Kegiatan telah dilaksanakan sepanjang bulan Desember 2010 sampai Januari 2011 kesekolah dan telah terdistribusikan dengan jumlah 75 sekolah SMP/MTS dan 25 SMA/MA/SMK se-Kabupaten Kebumen.
Khotimul Hasan SPdI selaku Ketua FORGUSTA Kabupaten Kebumen Mengatakan bantuan berupa buku-buku tersebut di harapkan akan Menumbuh- kembangkan minat baca siswa dan menambah koleksi perpustakaan sekolah swasta yang di nilai selama ini masih minim, membantu siswa dalam peningkatan belajar, mampu memicu para siswa untuk giat membaca. Muaranya, prestasi siswa akan meningkat,.

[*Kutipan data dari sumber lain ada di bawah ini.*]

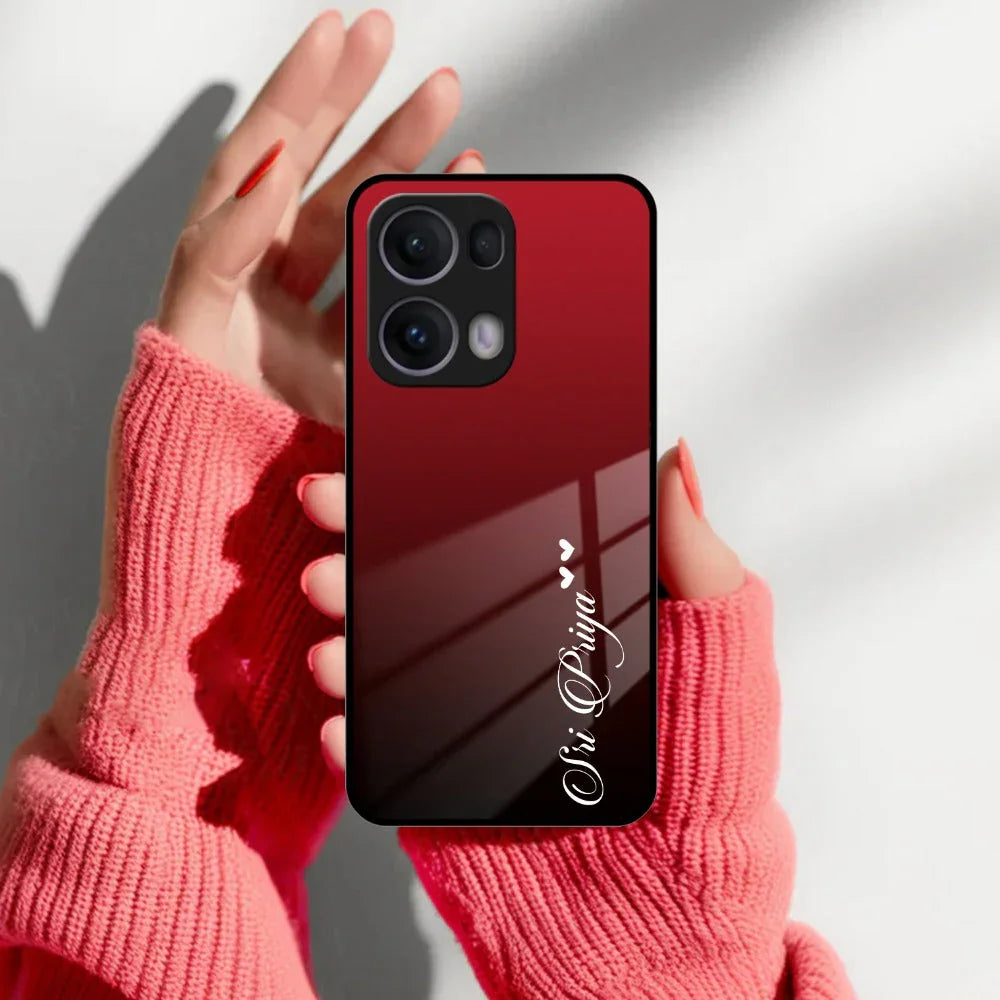 Customize Name Gradient Glass Case Cover Red Wine For Oppo - ShopOnCliQ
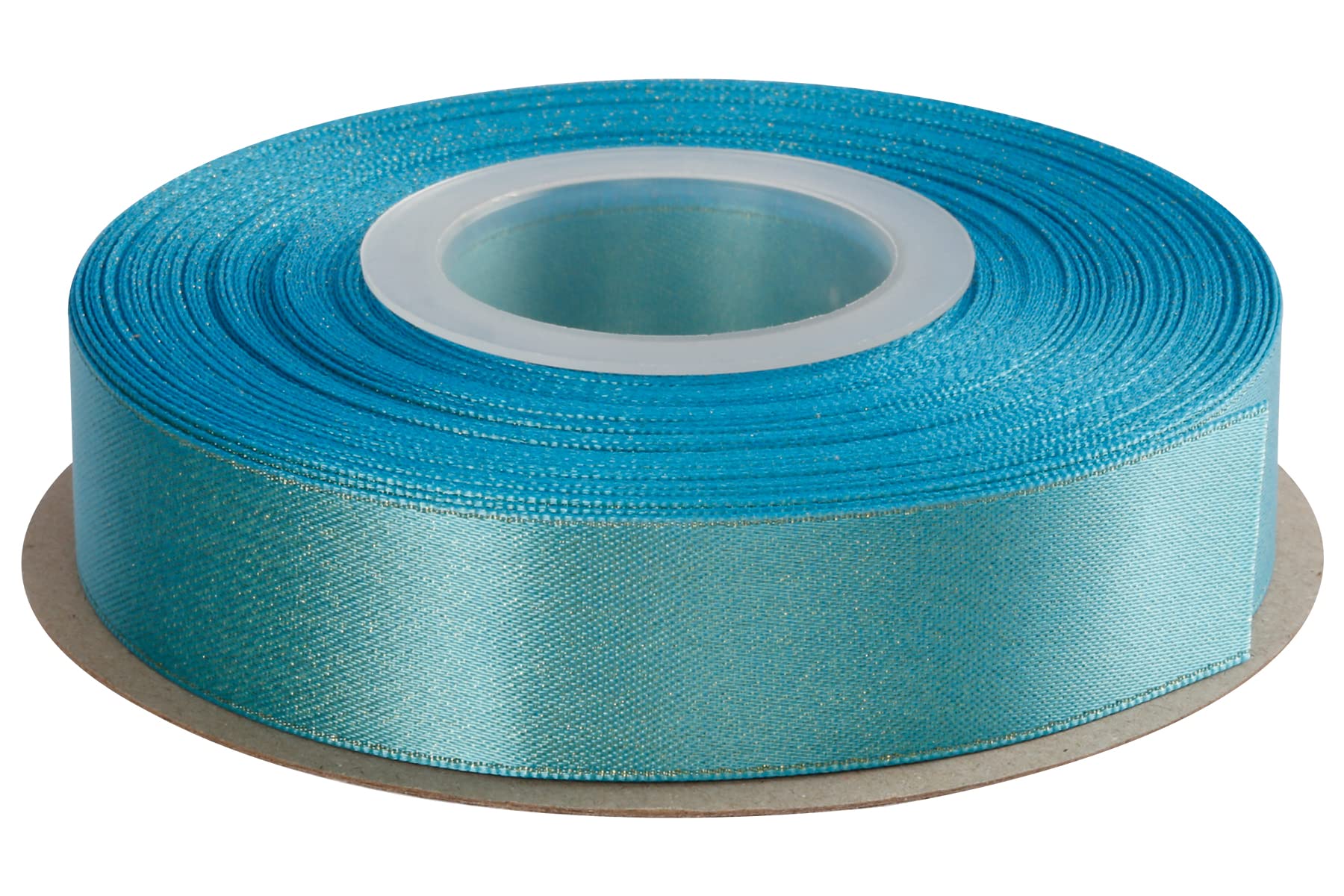 Joycrosso Turquoise Double Faced Glitter Ribbon, Luxury Gold Purl Ribbon, 22mm x 22 Meters, Great for Gift Wrapping Wedding Decoration Floral Arrangement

Bantuan tersebut berangkat dari rasa keperihatinan guru swasta melihat kondisi perpustakaan di sekolah swasta yang rata-rata masih minim fasilitas. Juga merupakan kepedulian forum guru swasta terhadap pendidikan di kabupaten kebumen.

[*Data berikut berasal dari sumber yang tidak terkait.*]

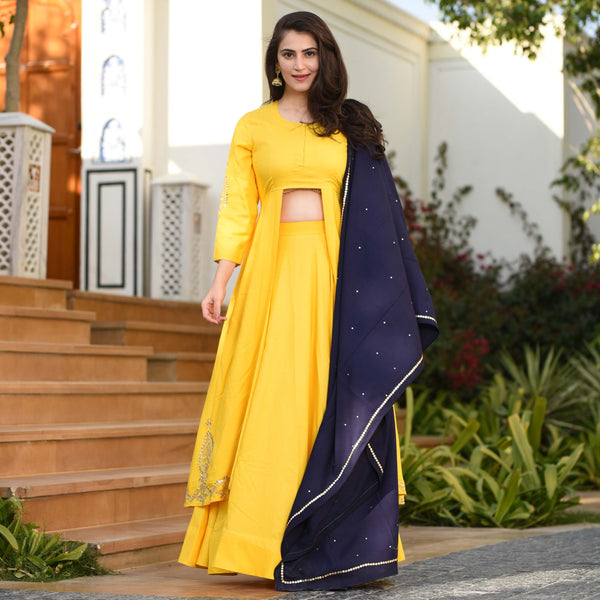 Yellow Blue Lehenga Set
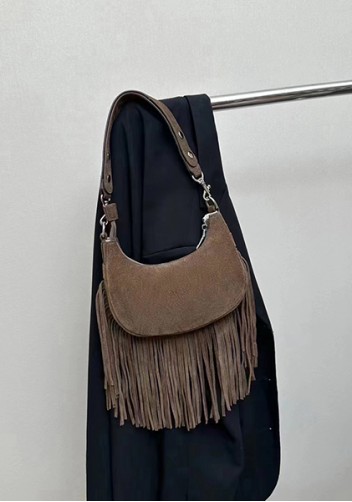 Shimanne Suede Leather Fringe Hobo Shoulder Bag Dark Brown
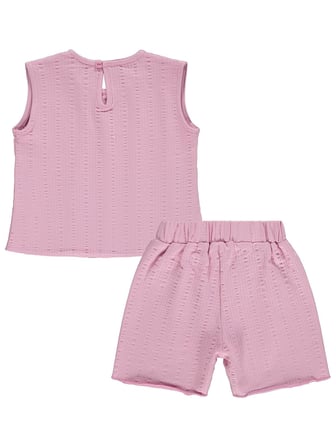 Civil Baby Kurdelalı Şortlu 6-18 Ay Takım - Pembe
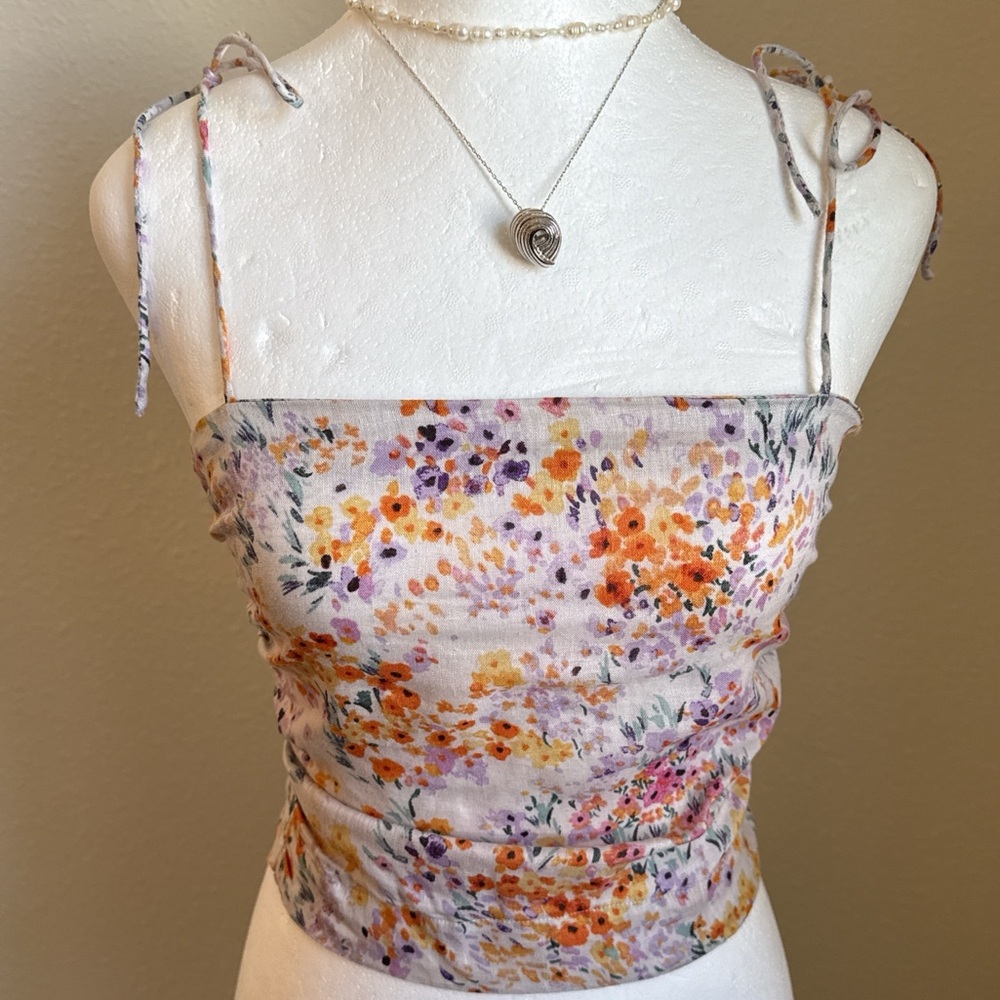 H&M 100% Linen Fitted Tie Shoulder Top Feminine Coquette Dainty Floral Boho - Picture 2 of 7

Dan gerakan ini adalah bentuk komitmen FORGUSTA dalam upaya peningkatan kwalitas dan mutu pendidikan. Meski gaji guru swasta belum sesuai harapan, namun bukan bertari mereka segan memberikan yang terbaik bagi dunia pendidikan. Kami siap bekerjasama dengan pemerintah dan swasta yang peduli dalam peningkatan kwalitas pendidikan, tegasnya.
Harapanya kegiatan ini menjadi Inspirasi stakeholder pendidikan baik pemerintah,masyarakat maupun pihak swasta untuk terus mengupayakan peningkatan kualitas pendidikan terutama dilingkungan swasta.